MANILA, Philippines - The Association of Southeast Asian Nations (ASEAN) enters the new year with the 10-member economic bloc promising its people an open and integrated market with more product choices at competitive costs.
The dawn of the ASEAN Economic Community (AEC) era brings along with it hopes for a highly competitive economic region where there is equitable development, with the region fully integrated into the global economy.
“It is a historic milestone and a culmination of ASEAN’s resilience and dynamism throughout a journey of nearly half a century, and signals to the world how far and how well the ASEAN member-states have achieved in coming together as one community,” the economic bloc composed of Brunei, Cambodia, Indonesia, Laos, Malaysia, Myanmar, Philippines, Singapore, Thailand and Vietnam said in a statement.

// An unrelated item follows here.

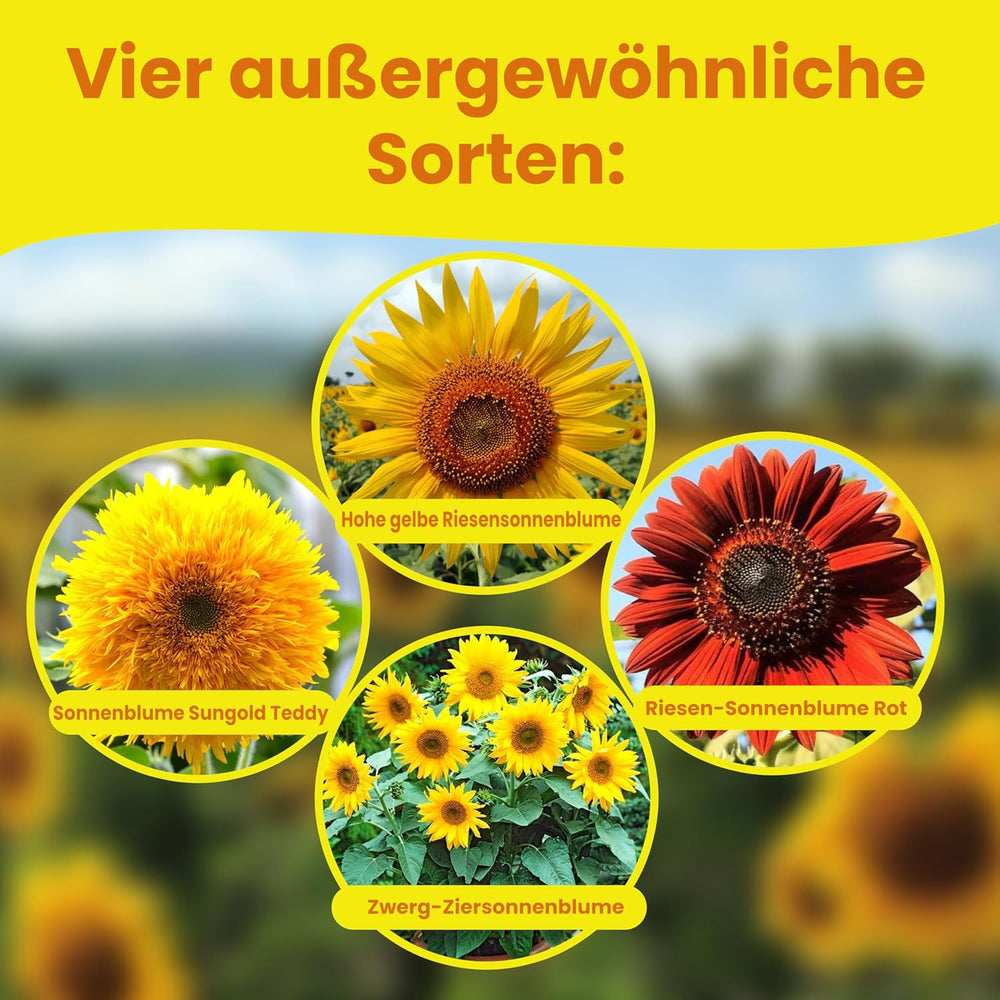LERAVA® Sonnenblumen Samen Set (4 Sorts) - Riesige gelbe & rote Sonnenblume - Zwerg und Sungold Teddy - Premium Sonnenblumensamen für Garten und Balkon - Blumensamen Geschenk für Hobbygärtner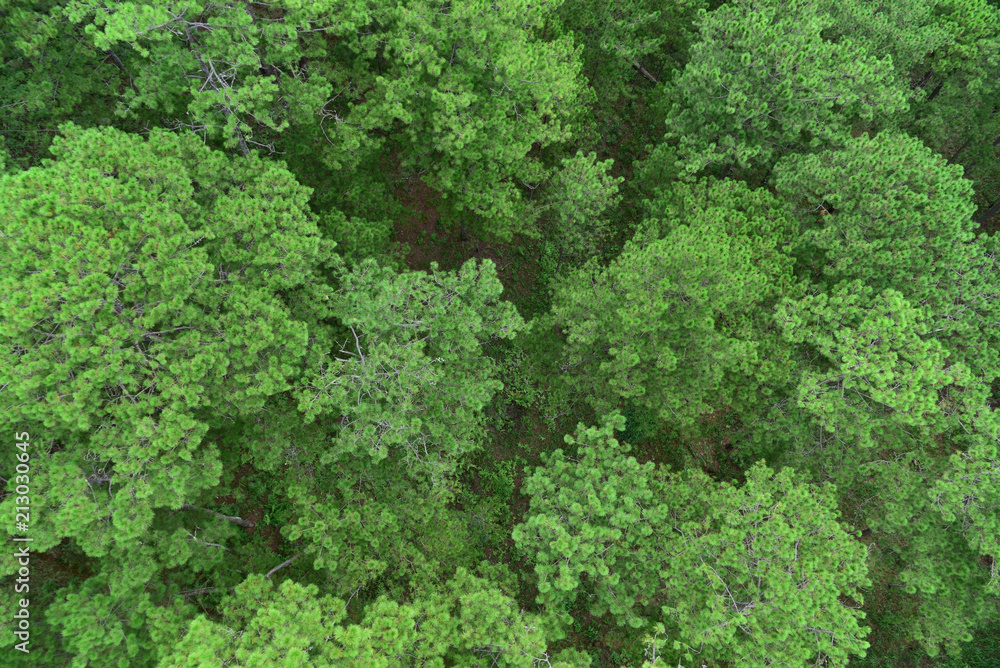Top view Nature Pine Forest. Aerial view. From above. Top view Nature Pine Forest. Aerial view. From above.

The AEC, established yesterday in Kuala Lumpur by the regional bloc’s economic leaders, converges beginning 2016 a single market and production base with free movement of goods, services and investments across the 10 ASEAN member-countries through the next decade.
Together, the ASEAN has a combined market of 600 million. To date, 98.6 percent of goods are traded among member countries at zero tariff.

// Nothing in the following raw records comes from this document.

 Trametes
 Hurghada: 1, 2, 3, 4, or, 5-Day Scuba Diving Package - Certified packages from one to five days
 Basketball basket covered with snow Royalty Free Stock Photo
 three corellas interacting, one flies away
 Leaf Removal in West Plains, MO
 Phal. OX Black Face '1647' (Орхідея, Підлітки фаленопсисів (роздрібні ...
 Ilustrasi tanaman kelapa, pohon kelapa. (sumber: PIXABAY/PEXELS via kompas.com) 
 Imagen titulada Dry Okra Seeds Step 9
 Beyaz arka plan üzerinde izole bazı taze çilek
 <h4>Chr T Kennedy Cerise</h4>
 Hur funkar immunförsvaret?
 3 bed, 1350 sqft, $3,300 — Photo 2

The Philippine government several months ahead of the Dec. 31 AEC establishment has said the country is ready to take on the challenges and seize opportunities in the upcoming full regional integration.
Now resigned Trade Secretary Gregory Domingo last September had given assurance that the country was well-positioned for the integration.

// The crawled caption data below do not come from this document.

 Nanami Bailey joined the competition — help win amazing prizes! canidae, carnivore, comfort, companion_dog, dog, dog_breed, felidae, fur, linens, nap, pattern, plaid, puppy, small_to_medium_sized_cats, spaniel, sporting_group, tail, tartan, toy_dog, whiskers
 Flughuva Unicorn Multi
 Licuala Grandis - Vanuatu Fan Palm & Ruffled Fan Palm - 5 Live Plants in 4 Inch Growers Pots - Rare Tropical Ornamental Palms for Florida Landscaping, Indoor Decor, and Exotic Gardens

Domingo said the country’s stable economic performance along with the various reforms implemented has put the Philippines in a good position to benefit from the upcoming economic integration.
But while the government expressed optimism heading into integration, some businessmen believe the Philippines as well as other ASEAN member-countries were unready for the economic unification of the regional market.
“No, we’re not ready. People keep talking about integration but what does it really mean? I’m not saying it will not happen one day, but not in our lifetime. Let us be realistic that it won’t happen because politics will intrude,” business tycoon Manuel V. Pangilinan has said.
“The AEC has arrived. Will the Philippines meet its commitment to an open foreign investment regime under the AEC? Will it remove non-tariff barriers to trade?” American Chamber of Commerce in the Philippines senior advisor John Forbes added.
With the AEC now officially in place, it seems that there are still more questions than answers for the Philippines as well as its peers in the region.